エリックは唾を飲み下し、サミーの次の攻撃に備えた。サミーは俺が勝手にウェストを調べたことを怒っている。おかげでウェストの魂胆を推測できるってのに、ただ責めるだけでそこを考慮することはないのか?

「オールドブリッジで何を?まだ家庭教師をしているわけじゃないよね?」サミーはむっつりとした表情で尋ね、突然席を立った。どこへ行くのか見ていたら、キャビネットからブランデーボトル取って戻って来た。

「あいつがお前の家庭教師をしていたのは、父親同士が知り合いだったからだ」サミーの驚いた顔を見てエリックは口を閉じた。まさかそれすら知らなかったとか言わないよな。「大学を出てぷらぷらしていた息子をお前に押し付けたってわけさ。で、その後は金持ちの屋敷に入り込んでコンサルタントのようなことをしている」

サミーは黙ってブランデーを紅茶に注いで、ボトルをエリックに差し出した。「君も飲むだろう」

「お前は飲めないだろう?」毎回毎回決まってぐだぐだになるくせに、なぜ飲もうとする?「飲む気ならせめて何か食べろ。プラットに言って何か持って来させるか?」

「ここにあるもので十分。君もその食べかけの皿を空けたらどうだ」サミーはティートレイに乗っている焼き菓子を指先でつまんだ。

誰のせいで!と、ひと言言ってもよかったが、これで険悪な雰囲気が少しでも和らぐなら黙って言うことを聞いておくのも悪くない。先ほど押しやった皿を戻して、水を飲んだグラスにブランデーを注ぐ。サミーは結局甘いものにしか手を付けないようだが、食べないよりましだと思うほかない。

「コンサルタントって、まさか詐欺みたいなことをしているとか?」サミーはブランデー入りの紅茶をぐいとあおり、話を再開した。

「おい、無茶するな」と言ったところで聞かないのがサミーだ。「詐欺とまでは言えないな。口がうまいだけの男ではないようだし、それなりに結果も出している」

「だったら金に困ることもないんじゃないのか」

「そんなの知るか。俺が何でも知っていると思うな」サミーは疑わしげな目で見てくるが、俺が万能ではないことは自分自身よくわかっている。
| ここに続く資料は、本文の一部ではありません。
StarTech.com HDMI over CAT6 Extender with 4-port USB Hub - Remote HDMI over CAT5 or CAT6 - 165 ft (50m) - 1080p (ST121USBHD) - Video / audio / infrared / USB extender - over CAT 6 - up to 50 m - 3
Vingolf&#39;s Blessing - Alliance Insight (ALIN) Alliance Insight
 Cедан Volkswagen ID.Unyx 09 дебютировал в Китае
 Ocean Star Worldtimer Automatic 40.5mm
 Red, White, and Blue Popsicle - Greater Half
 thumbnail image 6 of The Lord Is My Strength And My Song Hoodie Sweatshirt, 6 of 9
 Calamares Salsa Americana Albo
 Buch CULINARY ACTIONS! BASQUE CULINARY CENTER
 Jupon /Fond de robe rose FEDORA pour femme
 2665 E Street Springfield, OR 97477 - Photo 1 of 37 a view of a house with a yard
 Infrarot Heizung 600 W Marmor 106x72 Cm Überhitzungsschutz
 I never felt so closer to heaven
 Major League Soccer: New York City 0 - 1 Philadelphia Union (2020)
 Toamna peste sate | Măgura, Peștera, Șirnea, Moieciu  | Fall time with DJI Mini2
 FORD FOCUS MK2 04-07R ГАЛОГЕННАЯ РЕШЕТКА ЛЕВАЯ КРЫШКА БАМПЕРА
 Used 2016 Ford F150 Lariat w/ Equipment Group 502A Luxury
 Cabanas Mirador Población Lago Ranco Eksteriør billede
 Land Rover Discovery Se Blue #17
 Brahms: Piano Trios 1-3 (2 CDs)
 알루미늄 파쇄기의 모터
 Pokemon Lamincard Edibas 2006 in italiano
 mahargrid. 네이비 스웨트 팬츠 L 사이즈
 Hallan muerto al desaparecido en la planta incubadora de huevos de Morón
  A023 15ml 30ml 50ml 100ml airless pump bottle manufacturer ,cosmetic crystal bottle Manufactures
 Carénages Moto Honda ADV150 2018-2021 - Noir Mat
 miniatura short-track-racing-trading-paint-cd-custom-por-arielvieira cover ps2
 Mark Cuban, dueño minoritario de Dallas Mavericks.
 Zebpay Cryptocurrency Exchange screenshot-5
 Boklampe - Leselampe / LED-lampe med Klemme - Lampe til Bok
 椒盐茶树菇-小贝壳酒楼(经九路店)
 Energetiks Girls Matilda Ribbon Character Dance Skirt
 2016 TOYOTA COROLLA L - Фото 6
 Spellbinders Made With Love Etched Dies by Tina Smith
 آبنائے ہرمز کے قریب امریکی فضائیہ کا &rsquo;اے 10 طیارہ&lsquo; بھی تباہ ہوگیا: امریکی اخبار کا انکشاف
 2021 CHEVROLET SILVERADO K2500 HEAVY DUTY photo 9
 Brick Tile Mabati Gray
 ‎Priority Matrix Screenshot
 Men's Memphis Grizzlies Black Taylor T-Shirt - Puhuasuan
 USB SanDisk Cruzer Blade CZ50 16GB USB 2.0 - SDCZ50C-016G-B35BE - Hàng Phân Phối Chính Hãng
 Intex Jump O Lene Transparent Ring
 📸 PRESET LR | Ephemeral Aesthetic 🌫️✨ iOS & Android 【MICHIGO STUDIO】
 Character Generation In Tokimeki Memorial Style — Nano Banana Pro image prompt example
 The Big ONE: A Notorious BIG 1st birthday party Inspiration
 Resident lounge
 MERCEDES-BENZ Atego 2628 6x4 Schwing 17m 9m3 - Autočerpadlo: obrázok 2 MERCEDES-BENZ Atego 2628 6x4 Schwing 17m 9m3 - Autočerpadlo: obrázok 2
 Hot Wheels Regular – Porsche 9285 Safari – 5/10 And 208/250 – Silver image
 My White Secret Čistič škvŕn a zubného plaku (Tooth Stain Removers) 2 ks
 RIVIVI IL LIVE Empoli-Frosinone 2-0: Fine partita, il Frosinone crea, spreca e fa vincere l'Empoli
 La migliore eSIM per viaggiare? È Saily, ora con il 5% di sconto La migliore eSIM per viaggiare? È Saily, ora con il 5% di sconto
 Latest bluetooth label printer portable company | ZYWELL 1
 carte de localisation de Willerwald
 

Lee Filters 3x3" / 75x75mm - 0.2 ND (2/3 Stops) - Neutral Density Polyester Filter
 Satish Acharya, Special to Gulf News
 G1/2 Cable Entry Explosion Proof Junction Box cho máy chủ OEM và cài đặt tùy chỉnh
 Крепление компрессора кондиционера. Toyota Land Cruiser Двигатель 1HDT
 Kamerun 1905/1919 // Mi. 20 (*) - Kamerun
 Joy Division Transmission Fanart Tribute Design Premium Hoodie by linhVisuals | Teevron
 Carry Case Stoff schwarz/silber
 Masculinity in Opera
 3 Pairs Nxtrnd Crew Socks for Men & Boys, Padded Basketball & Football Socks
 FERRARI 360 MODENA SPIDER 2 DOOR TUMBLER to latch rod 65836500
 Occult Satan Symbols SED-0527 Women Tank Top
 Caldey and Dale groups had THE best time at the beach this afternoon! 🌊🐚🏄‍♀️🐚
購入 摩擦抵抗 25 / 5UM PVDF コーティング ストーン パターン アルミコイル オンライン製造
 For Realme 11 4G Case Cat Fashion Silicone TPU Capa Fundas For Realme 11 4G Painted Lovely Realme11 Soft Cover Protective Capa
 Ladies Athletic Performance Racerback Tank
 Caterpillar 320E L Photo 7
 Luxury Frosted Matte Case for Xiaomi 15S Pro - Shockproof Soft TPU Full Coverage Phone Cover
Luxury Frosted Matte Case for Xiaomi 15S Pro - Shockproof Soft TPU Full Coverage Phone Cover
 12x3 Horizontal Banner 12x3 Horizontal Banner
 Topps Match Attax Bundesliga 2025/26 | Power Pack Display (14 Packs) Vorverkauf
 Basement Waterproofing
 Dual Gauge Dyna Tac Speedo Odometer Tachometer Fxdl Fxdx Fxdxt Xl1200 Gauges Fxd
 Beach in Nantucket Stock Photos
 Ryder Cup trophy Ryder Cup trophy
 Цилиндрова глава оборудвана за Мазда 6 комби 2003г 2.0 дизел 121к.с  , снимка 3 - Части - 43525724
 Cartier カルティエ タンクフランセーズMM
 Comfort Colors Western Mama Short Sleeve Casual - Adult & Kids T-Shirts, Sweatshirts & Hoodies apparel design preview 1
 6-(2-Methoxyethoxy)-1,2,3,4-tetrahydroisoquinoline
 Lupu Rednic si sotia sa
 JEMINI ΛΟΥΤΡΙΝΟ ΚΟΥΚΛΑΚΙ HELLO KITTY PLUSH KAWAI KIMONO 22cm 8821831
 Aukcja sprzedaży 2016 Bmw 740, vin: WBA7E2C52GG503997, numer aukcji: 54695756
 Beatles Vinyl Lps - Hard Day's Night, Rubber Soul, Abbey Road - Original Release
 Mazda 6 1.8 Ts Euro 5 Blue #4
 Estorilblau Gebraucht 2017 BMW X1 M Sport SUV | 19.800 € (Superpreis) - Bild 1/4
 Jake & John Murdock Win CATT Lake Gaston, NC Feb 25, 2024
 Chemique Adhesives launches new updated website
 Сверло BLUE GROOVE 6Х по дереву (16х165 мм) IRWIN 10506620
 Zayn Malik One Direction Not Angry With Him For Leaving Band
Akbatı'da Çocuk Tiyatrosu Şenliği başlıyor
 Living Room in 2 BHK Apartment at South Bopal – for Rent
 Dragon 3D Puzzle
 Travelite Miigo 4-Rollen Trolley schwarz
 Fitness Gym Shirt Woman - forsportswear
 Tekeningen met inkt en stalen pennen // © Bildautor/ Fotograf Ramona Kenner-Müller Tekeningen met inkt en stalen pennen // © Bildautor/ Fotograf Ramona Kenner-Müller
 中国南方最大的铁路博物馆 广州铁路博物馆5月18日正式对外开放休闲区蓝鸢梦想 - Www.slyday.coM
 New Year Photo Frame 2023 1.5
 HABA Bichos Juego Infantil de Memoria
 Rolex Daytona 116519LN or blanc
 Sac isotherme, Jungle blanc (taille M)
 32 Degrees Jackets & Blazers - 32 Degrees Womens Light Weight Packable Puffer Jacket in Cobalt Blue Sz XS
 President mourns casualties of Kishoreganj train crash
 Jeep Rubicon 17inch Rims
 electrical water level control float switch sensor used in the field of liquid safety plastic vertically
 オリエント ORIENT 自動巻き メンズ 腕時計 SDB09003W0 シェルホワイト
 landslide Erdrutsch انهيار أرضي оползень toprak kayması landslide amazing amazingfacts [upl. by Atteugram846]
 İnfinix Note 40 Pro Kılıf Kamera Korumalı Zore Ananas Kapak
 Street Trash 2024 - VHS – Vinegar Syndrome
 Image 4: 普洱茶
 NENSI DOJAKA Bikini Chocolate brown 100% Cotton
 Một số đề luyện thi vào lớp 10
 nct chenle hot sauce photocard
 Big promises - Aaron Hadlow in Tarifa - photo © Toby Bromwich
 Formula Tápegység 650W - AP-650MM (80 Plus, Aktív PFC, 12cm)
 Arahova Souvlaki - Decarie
本来ならウェストの所在くらい知っておくべきで、把握していない間にすでに過去となった男がサミーに近づくのを許したのは明らかに失態だ。クレインにすぐに調べさせてもいいが、このくらいなら自分で動いた方が早い。こっちに戻ったということは、父親の所にでもいるのだろう。

レスター卿は息子を快く迎い入れたのだろうか?いや、そうは思えない。が、最近何かが変化したことだけは確かだ。まさか死んだわけじゃないだろうな?だとしても爵位を継げるわけでもない。

何があったにしろ、おかげでゆっくり休むのはもう少し先になりそうだ。